2012/10/12

Melville's Bookcase

This past spring I walked into the Rosenbach Museum & Library for the first time. The Rosenbach houses many works of literature, including illustrator-author Maurice Sendak’s papers. Others attending a workshop were arriving at the same time and I wandered through the crowd to an impressive bookcase. When the workshop began, it was announced that Maurice Sendak (1928-2012) had died earlier that week. Since I had been on the road, I hadn’t heard the news. The rest of the day took on a feeling of serendipity as I walked through the Sendak exhibit and talked to a curator about the books in the museum’s library.

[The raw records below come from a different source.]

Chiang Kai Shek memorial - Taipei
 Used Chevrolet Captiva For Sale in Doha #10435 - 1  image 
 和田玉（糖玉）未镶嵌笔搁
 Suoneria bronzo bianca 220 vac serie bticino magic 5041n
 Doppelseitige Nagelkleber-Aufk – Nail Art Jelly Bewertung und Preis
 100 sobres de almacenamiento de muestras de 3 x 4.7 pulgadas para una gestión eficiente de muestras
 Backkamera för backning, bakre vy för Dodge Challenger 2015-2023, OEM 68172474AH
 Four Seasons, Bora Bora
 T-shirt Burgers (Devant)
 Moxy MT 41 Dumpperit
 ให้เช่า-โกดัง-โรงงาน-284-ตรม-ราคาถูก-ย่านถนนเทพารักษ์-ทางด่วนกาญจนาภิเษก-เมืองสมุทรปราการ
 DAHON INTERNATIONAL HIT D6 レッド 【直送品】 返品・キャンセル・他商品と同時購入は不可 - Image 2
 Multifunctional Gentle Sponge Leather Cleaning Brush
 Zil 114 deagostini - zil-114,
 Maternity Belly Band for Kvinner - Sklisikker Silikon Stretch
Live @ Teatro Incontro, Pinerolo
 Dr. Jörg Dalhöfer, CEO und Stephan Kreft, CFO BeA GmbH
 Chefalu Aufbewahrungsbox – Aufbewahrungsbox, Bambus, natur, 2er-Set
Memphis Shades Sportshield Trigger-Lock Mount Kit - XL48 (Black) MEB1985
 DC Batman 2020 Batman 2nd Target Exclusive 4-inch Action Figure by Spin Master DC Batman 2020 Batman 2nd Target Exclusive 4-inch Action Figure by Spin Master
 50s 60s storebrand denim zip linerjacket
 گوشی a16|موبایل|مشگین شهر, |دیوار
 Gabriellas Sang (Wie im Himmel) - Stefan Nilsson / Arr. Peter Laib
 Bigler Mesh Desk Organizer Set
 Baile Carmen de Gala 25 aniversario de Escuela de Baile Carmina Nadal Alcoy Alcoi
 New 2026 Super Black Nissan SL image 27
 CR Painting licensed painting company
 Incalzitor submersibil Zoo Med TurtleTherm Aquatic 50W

Later in the day, I learned that the bookcase in the entry had been Herman Melville’s bookcase and a favorite of Maurice Sendak. I stood by the bookcase, just feet from Maurice Sendak’s only mural, and studied the old volumes.
 
Today I was reminded of the book, Dear Genius, and looked up the letter from Ursula Nordstrom to Sendak in 1961. Apparently Sendak had mentioned that he felt Melville had “a lot of furniture” in his books, meaning facts. And, at the time, Sendak felt that his world was “furniture-less.” Nordstrom, the great editor, replied in a prophetic and supportive way.
 
August 21, 1961
To Maurice Sendak 
. . . I loved your long letter and hope it clarified some things for you to write it. Sure, Tolstoy and Melville have a lot of furniture in their books . . .
 
You wrote “my world is furniture-less. It is all feeling” . . . You also wrote “Knowledge is the driving force that puts creative passion to work”—a true statement, and also very well put. But it would include self knowledge for some as well as knowledge of facts for others . . . 
 
You wrote "It would be wonderful to want to believe in God. The aimlessness of living is too insane." That is the creative artist—a penalty of the creative artist—wanting to make order out of chaos. The rest of us plain people just accept disorder (if we even recognize it) and get a bang out of our five beautiful senses, if we're lucky. Well, not making any sense but will send this anyhow . . . . 
From Ursula Nordstrom
 
I remember standing in front of Melville’s bookcase again and again that day last spring. Sendak spent a lifetime finding lost, abandoned furniture to place in the rooms of his illustrations. Self-knowledge and making order out of chaos seems to me to have been the passionate story revealed through his art. He made the world more understandable and orderly, sometimes for children, sometimes for adults. Melville’s bookcase is at home among Sendak’s stories and illustrations.
 
Letter excerpt (page 145) from:
DEAR GENIUS: THE LETTERS OF URSULA NORDSTROM collected and edited by Leonard S. Marcus (HarperCollins, 1998).


Selected books:
NUTSHELL LIBRARY, story and pictures by Maurice Sendak (Harper & Row, 1962). 

WHERE THE WILD THINGS ARE, story and pictures by Maurice Sendak (Harper & Row, 1963). 

IN THE NIGHT KITCHEN, story and pictures by Maurice Sendak (Harper & Row, 1970). 

OUTSIDE OVER THERE, story and pictures by Maurice Sendak (Harper & Row, 1981). 

BRUNDIBAR, retold by Tony Kushner, pictures by Maurice Sendak (Hyperion, 2003). 

HIGGLETY PIGGLETY POP! OR THERE MUST BE MORE TO LIFE, story and pictures by Maurice Sendak (Harper & Row, 1967). 

THE SIGN ON ROSIE’S DOOR, story and pictures by Maurice Sendak (Harper & Row, 1960).


LITTLE CORNER ACTIVITY:
1.    Read The Sign on Rosie’s Door.
2.    Find markers or crayons and construction paper plus string and tape.
3.    Help children make a sign for a door at home using words and/or drawings.
4.    Assist children in making a group sign for a school door.
5.    Encourage dress-up and putting together a musical show.
6.    Invite an audience to enter the door with the sign to see the musical show.